# Grand Canyon at 8000



## ZGjethro (Apr 10, 2008)

In 2000 we went down at 8000 cfs. The play boating was way better that trip than the trip I did before at 12-15000 cfs. We were on a chartered motor trip, and we would surf all day at a spot and motor down to camp afterwards, passing a bottle the whole way. It was a different experience than the rowed trip we did before in 1995. At the ledges campsite they did one of their river flow experiments. The river went to 32,000 cfs overnight and we kept moving our camp up through the night. the ledge hole at Lava was a huge cresting wave that warranted about five runs through it

Sorry, no particular beta, but the play will be way better. I do remember Hance being tough for the big motor rig though.


----------



## mania (Oct 21, 2003)

its easy read and run at 8000 unless you have a totally loaded giant boat that you can't maneuver. still fun though not to worry.


----------



## The Mogur (Mar 1, 2010)

I think you'll still have fluctuations in the flow, due to power demand at Glen Canyon Dam. I made a September run a couple of years ago at flows that ranged between 7,000 and 10,000 with the tides. 

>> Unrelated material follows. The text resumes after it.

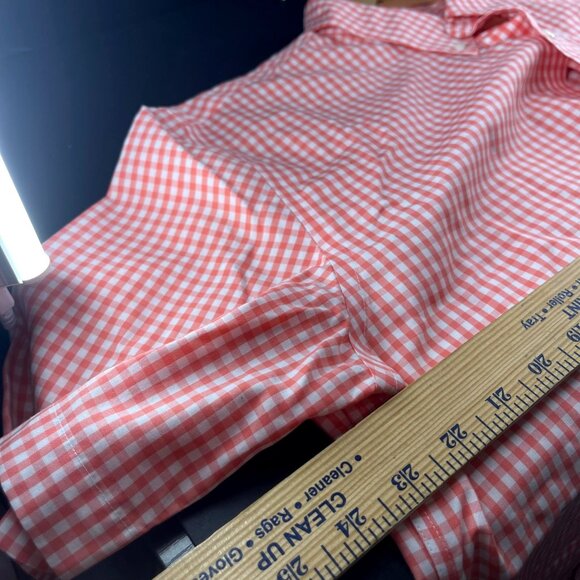 L.L.Bean Mens Orange Gingham Check Short Sleeve Button-Up Shirt Size L-Tall - Picture 6 of 6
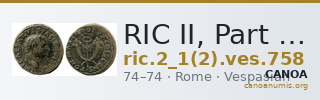 RIC II, Part 1 (second edition) Vespasian 758 — CANOA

Places that become more challenging at low water include Bedrock Rapid, where the shallows on the right force you way to the left at the entry, and then you have to pull like hell to get to the right of the massive boulder--not terribly difficult, but a bit deceptive, requiring persistence.

Horn Creek Rapid is especially tough at low water. It is very difficult (bordering on impossible) to miss the big hole, even with the essential perfectly-timed eddy turn below the mid-stream pour-over at the entry. Set a downstream ferry angle to punch the eddy below the pour-over, and don't let the eddy swing your bow downstream. Keep pulling on the right oar to maintain the downstream ferry angle and keep pulling to the left. You might be able to just brush the left side of the hole. More likely, you'll hit the hole anyway, so be sure to hit it straight and push your way through it. The odds are that all you'll get is a boatload of water, but a flip is pretty easy anyway.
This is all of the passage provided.